January 15, 2014. Crain’s New York Business quoted FPI’s James Parrott in a news article on a report by the Business Council of New York State’s Progressive Policy Institute that touted the supposed economic benefits to the state from the Governor’s business tax cut proposals announced on January 6. Parrott suggested the Business Council’s analysis was “severely, if not fatally, flawed” since it did not factor in the reduction to state spending that would result from steep tax cuts.

When FPI, assisted by the Institute on Economic and Tax Policy (ITEP), used the same economic model, REMI, utilized by the analysts preparing the Business Council report, FPI modeled both the expenditure and revenue sides of the budget to determine the net economic impact. The Business Council study did not perform a “balanced budget” analysis, choosing to look at only the possible effects of cutting taxes.
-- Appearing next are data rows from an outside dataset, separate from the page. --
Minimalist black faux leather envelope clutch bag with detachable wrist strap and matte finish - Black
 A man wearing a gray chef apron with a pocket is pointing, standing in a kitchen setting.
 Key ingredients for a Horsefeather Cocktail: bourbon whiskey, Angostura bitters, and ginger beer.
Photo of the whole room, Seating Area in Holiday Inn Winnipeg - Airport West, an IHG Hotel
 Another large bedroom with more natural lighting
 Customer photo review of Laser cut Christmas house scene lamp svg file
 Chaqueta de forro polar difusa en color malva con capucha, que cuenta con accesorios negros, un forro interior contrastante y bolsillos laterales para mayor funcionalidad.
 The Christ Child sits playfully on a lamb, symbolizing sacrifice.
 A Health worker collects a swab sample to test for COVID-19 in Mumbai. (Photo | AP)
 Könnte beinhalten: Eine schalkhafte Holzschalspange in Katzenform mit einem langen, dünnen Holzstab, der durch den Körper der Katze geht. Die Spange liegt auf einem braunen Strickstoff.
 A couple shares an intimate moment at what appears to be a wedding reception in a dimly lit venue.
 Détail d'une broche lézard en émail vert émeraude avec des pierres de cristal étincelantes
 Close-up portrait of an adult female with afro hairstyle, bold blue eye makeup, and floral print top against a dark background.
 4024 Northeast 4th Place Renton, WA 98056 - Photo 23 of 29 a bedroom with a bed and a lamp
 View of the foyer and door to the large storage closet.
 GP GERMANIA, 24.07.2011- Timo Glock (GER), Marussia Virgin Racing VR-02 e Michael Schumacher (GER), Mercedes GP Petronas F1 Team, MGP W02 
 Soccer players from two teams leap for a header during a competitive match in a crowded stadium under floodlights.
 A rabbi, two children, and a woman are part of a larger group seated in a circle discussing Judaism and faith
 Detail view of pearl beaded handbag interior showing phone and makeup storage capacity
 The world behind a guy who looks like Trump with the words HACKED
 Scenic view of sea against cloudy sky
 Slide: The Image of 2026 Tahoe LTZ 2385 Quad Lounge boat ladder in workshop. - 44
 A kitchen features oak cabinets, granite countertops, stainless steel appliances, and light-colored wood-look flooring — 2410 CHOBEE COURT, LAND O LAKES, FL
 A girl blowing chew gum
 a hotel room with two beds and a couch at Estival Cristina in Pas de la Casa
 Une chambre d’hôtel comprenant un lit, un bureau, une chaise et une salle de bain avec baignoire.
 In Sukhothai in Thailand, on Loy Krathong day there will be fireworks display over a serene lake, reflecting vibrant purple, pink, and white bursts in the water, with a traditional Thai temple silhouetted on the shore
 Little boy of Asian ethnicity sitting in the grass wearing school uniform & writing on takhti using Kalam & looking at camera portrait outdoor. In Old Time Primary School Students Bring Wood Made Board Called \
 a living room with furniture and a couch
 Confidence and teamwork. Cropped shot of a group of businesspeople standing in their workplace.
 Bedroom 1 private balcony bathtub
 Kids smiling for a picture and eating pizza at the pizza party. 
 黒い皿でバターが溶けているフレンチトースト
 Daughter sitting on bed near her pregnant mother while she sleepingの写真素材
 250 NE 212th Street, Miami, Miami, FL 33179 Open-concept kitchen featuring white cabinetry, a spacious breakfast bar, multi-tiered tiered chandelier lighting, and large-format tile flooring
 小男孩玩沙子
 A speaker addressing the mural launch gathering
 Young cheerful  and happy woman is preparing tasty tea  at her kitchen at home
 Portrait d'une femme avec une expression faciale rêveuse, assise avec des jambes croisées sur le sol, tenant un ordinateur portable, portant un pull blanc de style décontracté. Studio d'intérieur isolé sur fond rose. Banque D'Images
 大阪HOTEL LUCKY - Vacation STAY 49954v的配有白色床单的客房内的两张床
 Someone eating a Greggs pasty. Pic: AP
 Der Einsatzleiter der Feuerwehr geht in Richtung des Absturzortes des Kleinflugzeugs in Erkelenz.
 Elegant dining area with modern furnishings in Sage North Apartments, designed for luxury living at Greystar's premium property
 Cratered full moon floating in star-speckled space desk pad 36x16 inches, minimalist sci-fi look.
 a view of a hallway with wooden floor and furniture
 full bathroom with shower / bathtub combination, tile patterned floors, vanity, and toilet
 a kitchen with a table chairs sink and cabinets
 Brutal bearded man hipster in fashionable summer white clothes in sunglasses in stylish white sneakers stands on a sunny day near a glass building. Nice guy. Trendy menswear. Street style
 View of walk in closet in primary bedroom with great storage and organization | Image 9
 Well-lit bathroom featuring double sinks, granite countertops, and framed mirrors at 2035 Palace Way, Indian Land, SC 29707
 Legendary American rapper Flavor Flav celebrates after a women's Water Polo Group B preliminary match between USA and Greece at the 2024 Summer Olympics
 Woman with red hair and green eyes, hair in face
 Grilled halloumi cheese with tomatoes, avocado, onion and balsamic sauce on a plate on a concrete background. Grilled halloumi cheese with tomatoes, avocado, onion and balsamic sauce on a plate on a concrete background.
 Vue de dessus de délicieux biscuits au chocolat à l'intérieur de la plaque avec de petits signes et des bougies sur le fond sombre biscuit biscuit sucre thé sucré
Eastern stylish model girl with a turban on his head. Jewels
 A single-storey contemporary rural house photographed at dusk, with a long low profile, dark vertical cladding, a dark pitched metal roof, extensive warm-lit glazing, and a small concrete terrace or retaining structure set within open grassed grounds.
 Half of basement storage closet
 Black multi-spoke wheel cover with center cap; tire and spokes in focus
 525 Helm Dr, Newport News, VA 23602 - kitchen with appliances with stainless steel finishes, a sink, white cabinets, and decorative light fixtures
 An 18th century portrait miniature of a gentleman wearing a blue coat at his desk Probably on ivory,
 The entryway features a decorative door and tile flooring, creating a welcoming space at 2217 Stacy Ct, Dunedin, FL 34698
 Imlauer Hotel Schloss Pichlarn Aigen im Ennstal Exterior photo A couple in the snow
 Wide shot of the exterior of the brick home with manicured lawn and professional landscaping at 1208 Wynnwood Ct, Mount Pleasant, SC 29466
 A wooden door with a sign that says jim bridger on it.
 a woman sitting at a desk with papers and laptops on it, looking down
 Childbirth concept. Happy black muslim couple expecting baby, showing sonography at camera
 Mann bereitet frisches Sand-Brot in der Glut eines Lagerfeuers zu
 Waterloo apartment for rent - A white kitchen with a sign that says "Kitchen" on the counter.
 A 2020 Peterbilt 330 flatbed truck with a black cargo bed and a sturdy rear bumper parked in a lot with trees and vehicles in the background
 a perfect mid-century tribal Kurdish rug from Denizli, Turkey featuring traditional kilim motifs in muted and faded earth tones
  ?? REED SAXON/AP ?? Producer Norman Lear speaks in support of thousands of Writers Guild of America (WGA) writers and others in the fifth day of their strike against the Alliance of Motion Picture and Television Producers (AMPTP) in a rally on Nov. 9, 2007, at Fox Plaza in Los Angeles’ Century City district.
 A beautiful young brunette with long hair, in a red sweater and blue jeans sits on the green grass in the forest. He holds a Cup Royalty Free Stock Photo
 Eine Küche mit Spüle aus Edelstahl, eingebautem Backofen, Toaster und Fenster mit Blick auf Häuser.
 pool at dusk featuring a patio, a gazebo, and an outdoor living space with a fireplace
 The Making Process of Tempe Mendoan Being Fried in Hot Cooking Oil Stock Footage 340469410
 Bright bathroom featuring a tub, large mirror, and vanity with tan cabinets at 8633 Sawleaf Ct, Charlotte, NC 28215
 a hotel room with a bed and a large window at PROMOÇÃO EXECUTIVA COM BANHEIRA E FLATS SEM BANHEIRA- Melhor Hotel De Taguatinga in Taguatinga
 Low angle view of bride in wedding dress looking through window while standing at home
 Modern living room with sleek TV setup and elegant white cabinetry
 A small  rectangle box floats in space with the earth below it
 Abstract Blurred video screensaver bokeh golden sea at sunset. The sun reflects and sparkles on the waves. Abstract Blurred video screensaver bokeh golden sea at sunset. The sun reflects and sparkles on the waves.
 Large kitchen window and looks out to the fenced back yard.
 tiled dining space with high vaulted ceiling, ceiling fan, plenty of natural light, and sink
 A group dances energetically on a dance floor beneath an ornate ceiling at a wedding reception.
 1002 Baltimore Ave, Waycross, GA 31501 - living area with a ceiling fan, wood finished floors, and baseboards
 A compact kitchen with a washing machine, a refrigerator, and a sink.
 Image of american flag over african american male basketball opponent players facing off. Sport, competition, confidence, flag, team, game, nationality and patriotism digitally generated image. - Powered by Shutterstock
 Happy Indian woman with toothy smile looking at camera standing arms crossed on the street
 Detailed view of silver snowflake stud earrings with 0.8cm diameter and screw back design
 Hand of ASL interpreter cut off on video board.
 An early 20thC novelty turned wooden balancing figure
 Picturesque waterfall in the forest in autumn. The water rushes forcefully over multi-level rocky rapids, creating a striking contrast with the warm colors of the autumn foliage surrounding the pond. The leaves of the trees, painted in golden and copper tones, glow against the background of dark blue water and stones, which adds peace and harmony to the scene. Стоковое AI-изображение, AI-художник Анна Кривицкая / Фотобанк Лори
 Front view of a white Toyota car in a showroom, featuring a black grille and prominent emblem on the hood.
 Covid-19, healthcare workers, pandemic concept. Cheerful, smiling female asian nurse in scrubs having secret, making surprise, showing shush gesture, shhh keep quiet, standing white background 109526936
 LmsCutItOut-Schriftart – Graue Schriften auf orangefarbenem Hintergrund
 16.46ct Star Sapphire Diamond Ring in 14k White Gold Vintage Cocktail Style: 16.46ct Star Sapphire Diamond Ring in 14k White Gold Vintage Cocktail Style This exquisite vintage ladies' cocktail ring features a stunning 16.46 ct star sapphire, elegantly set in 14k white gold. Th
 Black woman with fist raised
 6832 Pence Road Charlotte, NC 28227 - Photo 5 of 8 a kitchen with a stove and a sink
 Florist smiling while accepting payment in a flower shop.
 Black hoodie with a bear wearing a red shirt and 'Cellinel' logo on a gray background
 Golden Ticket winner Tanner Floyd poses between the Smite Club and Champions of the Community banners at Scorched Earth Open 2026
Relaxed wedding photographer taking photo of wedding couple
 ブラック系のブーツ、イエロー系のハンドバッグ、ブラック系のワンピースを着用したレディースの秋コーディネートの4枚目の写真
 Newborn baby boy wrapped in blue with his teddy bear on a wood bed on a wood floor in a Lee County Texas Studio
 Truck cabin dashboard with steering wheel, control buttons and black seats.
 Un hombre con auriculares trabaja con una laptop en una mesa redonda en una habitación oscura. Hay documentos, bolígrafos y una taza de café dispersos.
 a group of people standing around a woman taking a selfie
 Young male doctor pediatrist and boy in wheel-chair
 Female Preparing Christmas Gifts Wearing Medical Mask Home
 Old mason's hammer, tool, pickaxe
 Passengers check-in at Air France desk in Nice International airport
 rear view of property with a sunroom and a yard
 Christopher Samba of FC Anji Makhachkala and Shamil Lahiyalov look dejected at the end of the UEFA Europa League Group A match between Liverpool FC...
In January 2003, Governor George Pataki proposed cutting state school aid by $1.84 billion. In April 2013, FPI published the ITEP analysis that showed that if income taxes were raised in a progressive manner (i.e., by raising tax rates on the richest households) in order to avoid $1.84 billion in school aid cuts, there would be a significant net positive effect on the state’s economy. The FPI-ITEP analysis found that raising $1.84 billion in progressive income taxes to offset Governor Pataki’s proposed school aid cuts would mean 56,000 more jobs in the state’s economy over the short run and 72,000 more jobs after 20 years. The larger positive economic effect over time reflects the beneficial effect that better-funded schools have on the economic “competitiveness” of an area.

The implication of a “balanced budget” approach like that followed in the FPI-ITEP study in modeling tax changes is two-fold: (1) that public spending matters and education spending in particular is an important factor in affecting an area’s economic performance, and (2) budget changes need to factor in both sides of the ledger, both revenues and expenditures. By ignoring the real world balanced budget constraint faced by state governments, the Business Council study is necessarily skewed and a poor guide for informed public policy-making.